> **PROVIDED DATA**
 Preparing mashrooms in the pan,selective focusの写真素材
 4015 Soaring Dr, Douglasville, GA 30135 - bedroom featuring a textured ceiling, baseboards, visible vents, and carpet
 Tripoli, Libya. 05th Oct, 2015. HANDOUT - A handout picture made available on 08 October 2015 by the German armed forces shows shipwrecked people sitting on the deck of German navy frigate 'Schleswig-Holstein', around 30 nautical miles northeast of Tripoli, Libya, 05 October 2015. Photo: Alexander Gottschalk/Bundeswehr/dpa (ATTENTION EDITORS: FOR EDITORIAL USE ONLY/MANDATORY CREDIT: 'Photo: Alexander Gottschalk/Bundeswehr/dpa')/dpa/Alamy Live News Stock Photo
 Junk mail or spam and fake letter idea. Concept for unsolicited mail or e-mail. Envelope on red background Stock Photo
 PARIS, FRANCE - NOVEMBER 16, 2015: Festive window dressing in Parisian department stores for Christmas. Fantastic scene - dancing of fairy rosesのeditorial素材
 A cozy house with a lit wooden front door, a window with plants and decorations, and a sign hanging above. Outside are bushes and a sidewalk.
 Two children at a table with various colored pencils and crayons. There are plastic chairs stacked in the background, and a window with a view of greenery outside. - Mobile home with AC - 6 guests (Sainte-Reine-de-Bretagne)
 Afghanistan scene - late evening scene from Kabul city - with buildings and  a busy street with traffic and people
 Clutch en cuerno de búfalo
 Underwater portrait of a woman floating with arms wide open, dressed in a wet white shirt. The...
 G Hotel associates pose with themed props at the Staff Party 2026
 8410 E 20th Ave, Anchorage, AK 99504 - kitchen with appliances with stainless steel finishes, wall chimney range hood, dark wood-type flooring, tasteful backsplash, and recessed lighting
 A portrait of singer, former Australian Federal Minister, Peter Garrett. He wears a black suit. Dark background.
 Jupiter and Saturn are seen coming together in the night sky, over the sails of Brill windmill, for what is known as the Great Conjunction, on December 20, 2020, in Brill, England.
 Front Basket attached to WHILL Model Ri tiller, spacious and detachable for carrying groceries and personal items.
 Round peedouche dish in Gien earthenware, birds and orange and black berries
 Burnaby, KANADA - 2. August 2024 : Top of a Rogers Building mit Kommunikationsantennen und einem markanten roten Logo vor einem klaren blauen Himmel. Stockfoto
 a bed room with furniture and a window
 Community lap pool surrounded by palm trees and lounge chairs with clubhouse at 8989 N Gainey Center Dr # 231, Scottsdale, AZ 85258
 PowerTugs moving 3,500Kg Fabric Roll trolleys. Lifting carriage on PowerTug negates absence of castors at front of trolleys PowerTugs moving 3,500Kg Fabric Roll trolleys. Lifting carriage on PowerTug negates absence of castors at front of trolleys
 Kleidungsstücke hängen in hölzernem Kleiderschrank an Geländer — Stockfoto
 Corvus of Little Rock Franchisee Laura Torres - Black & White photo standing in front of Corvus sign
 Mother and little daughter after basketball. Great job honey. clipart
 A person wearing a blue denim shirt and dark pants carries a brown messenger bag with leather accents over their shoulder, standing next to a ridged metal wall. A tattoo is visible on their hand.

> **AIM OF THE TASK**
Ending with the line containing "A cozy house", please print exactly the lines of the material above from its first line onward, and nothing else.

> **ANSWER TO THE PROBLEM**
 Preparing mashrooms in the pan,selective focusの写真素材
 4015 Soaring Dr, Douglasville, GA 30135 - bedroom featuring a textured ceiling, baseboards, visible vents, and carpet
 Tripoli, Libya. 05th Oct, 2015. HANDOUT - A handout picture made available on 08 October 2015 by the German armed forces shows shipwrecked people sitting on the deck of German navy frigate 'Schleswig-Holstein', around 30 nautical miles northeast of Tripoli, Libya, 05 October 2015. Photo: Alexander Gottschalk/Bundeswehr/dpa (ATTENTION EDITORS: FOR EDITORIAL USE ONLY/MANDATORY CREDIT: 'Photo: Alexander Gottschalk/Bundeswehr/dpa')/dpa/Alamy Live News Stock Photo
 Junk mail or spam and fake letter idea. Concept for unsolicited mail or e-mail. Envelope on red background Stock Photo
 PARIS, FRANCE - NOVEMBER 16, 2015: Festive window dressing in Parisian department stores for Christmas. Fantastic scene - dancing of fairy rosesのeditorial素材
 A cozy house with a lit wooden front door, a window with plants and decorations, and a sign hanging above. Outside are bushes and a sidewalk.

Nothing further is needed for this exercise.